* Task brief
Quote exactly and only this range of lines in the data below: the line that holds "GAMOSA White_Coffee_Cat Ceramic Coffee Mug" to the line that holds "Auto Dynasty Rear", both included.

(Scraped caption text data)

Start of Block

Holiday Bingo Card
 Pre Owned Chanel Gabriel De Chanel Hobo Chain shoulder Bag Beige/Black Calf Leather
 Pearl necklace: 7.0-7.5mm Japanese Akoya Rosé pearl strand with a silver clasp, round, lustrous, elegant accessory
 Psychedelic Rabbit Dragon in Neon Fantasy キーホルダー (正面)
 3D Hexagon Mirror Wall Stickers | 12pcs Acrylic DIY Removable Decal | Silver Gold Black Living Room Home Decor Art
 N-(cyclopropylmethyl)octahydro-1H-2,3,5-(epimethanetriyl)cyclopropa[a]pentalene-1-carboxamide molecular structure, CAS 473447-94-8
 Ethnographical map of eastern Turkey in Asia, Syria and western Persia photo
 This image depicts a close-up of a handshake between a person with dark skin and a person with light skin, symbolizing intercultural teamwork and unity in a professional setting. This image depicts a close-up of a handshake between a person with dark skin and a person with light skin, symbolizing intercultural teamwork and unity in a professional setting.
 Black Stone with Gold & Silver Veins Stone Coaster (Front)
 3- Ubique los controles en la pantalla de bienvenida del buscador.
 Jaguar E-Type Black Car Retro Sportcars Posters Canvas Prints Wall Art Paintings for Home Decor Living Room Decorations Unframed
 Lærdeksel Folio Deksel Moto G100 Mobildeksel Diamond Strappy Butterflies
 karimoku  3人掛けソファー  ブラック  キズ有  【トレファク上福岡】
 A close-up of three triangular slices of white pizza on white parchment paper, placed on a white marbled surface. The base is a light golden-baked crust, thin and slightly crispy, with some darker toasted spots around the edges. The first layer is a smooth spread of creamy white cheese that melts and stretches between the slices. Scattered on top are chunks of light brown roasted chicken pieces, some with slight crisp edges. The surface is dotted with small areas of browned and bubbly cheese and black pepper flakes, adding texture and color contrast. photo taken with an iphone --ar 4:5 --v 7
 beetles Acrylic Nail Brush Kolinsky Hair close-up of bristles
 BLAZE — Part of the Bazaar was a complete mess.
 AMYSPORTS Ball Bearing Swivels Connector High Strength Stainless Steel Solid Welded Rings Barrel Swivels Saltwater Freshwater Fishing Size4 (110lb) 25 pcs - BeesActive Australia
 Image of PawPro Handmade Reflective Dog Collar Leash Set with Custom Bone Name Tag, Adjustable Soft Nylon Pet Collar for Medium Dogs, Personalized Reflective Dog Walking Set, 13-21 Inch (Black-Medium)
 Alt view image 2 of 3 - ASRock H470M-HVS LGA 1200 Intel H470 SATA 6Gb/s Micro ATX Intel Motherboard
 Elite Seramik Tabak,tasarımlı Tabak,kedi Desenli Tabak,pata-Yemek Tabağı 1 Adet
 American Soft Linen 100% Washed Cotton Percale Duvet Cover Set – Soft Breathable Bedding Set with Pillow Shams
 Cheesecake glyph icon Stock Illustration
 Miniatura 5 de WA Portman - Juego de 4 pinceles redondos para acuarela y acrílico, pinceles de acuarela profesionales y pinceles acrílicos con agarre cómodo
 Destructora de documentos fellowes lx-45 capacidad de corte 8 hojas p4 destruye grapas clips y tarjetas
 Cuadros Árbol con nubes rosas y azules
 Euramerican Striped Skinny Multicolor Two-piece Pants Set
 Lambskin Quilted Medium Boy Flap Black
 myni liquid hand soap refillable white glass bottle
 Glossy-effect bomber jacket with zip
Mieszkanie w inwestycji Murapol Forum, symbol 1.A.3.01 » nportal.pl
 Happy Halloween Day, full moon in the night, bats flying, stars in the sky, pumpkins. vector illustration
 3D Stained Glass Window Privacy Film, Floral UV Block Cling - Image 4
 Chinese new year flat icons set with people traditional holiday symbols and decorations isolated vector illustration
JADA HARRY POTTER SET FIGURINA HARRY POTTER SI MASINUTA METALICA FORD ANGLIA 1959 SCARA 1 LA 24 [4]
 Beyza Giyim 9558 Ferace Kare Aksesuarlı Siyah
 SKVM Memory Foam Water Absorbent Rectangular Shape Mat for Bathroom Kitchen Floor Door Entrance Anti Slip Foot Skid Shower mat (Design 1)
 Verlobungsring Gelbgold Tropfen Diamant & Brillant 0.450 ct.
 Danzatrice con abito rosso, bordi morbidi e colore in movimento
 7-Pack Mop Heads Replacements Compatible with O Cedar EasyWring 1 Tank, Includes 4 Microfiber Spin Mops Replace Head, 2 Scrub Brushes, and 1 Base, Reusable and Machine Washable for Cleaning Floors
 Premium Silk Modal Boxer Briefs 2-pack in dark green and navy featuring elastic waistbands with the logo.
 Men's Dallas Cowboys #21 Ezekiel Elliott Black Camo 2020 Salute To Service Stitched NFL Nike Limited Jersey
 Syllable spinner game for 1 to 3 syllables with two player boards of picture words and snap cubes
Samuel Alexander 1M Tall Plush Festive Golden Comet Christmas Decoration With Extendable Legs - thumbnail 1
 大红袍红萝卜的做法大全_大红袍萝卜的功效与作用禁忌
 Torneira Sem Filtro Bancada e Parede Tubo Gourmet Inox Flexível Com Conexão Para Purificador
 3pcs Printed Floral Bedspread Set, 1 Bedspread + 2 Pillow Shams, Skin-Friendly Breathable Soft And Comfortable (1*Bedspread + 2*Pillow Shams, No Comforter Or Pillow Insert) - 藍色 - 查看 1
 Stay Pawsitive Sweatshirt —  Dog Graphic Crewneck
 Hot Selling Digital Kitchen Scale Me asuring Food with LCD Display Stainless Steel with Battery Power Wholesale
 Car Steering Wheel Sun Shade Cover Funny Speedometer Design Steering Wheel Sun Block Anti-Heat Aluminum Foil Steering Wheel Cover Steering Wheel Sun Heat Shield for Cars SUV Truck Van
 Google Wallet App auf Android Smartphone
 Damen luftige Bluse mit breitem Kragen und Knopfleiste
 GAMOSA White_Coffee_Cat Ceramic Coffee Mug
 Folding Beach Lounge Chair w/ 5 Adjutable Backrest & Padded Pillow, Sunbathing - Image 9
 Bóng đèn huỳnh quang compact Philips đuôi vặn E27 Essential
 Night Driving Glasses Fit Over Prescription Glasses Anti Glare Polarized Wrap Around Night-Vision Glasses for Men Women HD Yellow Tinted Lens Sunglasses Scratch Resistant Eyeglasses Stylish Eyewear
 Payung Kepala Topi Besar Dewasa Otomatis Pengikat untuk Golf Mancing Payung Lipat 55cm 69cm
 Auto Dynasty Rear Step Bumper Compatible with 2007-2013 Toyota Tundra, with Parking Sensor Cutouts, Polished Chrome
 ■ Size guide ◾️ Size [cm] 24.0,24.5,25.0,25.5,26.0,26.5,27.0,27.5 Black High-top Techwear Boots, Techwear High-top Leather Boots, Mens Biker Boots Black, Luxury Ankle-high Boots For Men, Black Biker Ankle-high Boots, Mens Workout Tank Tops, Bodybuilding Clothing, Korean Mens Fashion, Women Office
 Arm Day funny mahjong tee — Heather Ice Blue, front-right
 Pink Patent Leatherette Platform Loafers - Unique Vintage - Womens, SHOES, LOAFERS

End of Block

* Answer area
 GAMOSA White_Coffee_Cat Ceramic Coffee Mug
 Folding Beach Lounge Chair w/ 5 Adjutable Backrest & Padded Pillow, Sunbathing - Image 9
 Bóng đèn huỳnh quang compact Philips đuôi vặn E27 Essential
 Night Driving Glasses Fit Over Prescription Glasses Anti Glare Polarized Wrap Around Night-Vision Glasses for Men Women HD Yellow Tinted Lens Sunglasses Scratch Resistant Eyeglasses Stylish Eyewear
 Payung Kepala Topi Besar Dewasa Otomatis Pengikat untuk Golf Mancing Payung Lipat 55cm 69cm
 Auto Dynasty Rear Step Bumper Compatible with 2007-2013 Toyota Tundra, with Parking Sensor Cutouts, Polished Chrome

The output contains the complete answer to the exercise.